**Work to be completed**:
Begin with the line that holds "Cordless Concrete Vibrator" and retype through the last line of the listing below, exactly; pictures are not part of the copy.

**Collected material**:
★ ★ ★ ★ ★ ★ ★
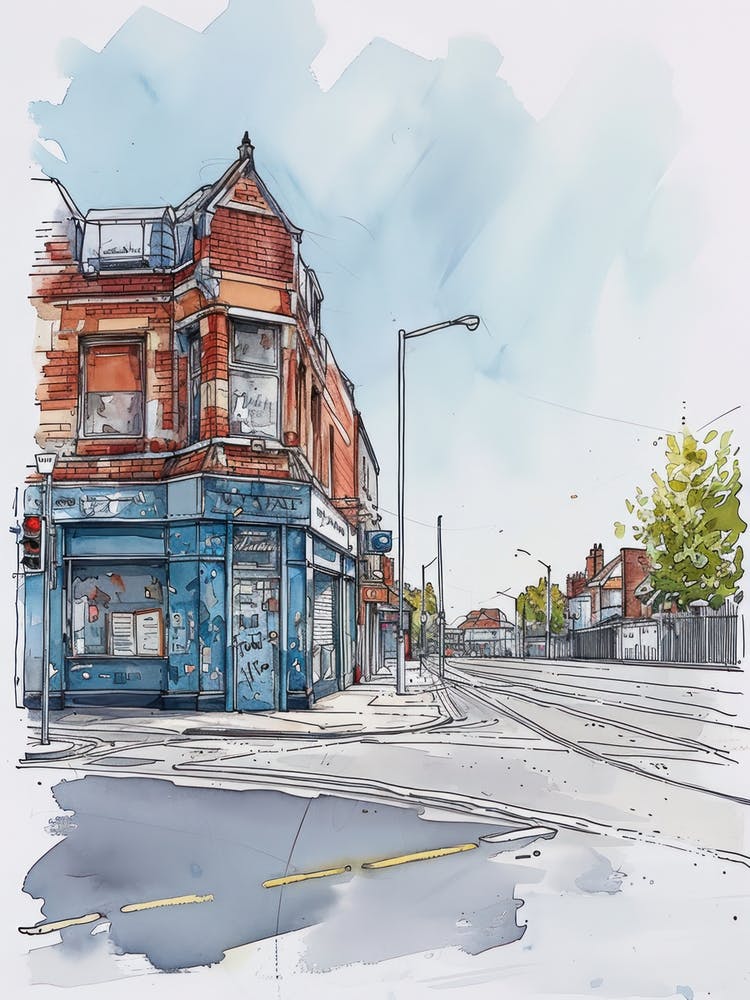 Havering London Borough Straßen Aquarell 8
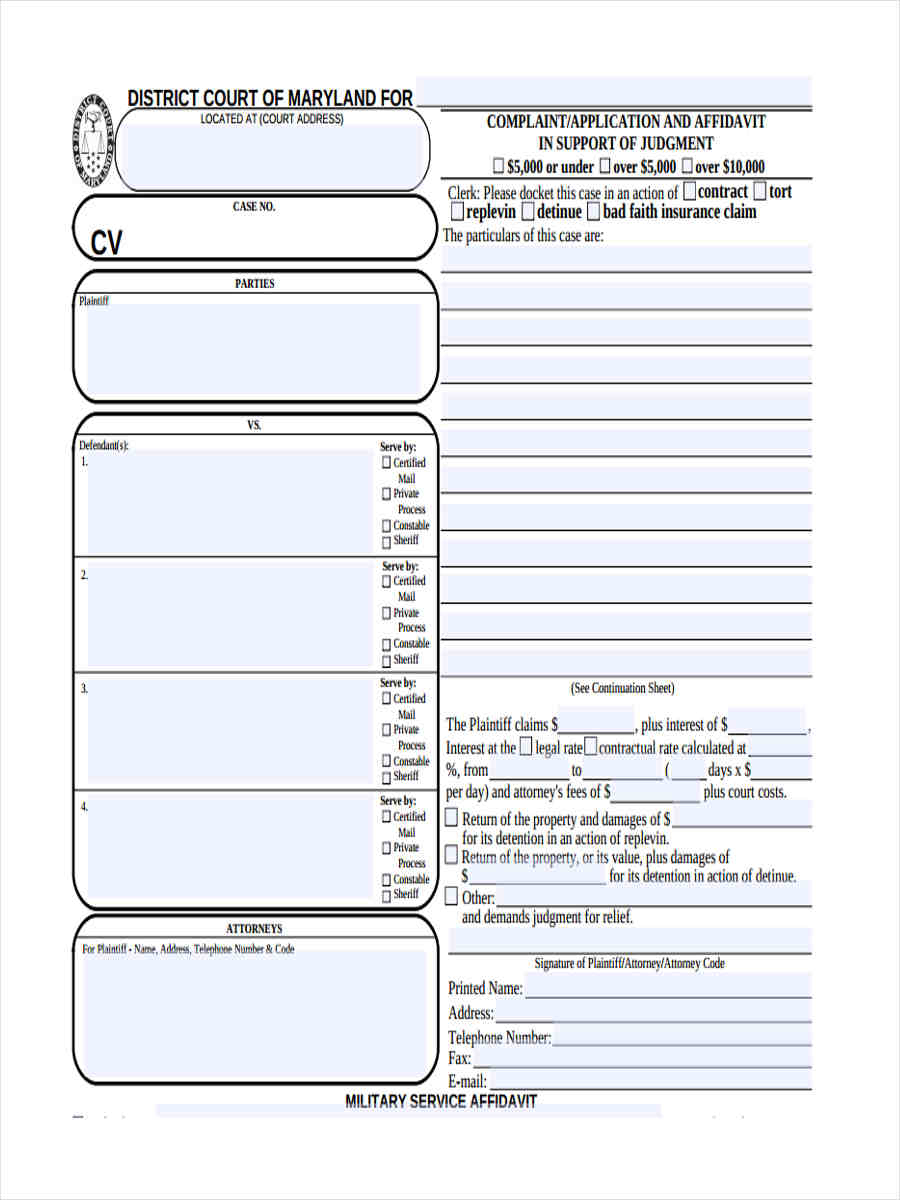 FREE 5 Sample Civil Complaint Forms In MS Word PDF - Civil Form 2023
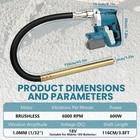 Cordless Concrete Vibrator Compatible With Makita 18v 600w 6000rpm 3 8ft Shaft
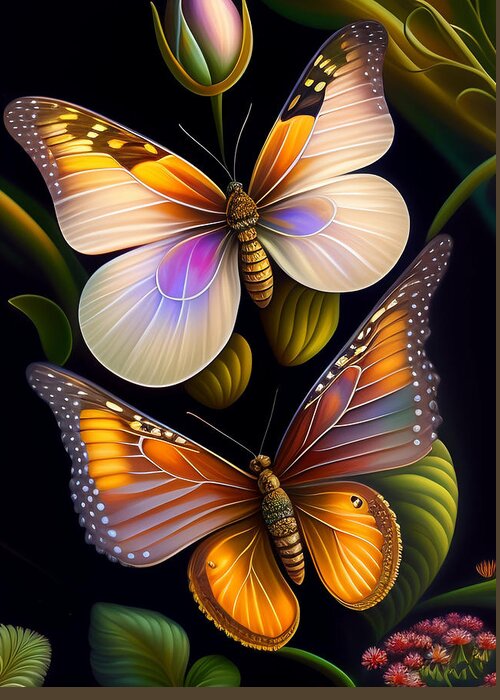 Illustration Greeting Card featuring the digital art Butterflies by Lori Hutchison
★ ★ ★ ★ ★ ★ ★
**Answer section**:
 Cordless Concrete Vibrator Compatible With Makita 18v 600w 6000rpm 3 8ft Shaft
 Illustration Greeting Card featuring the digital art Butterflies by Lori Hutchison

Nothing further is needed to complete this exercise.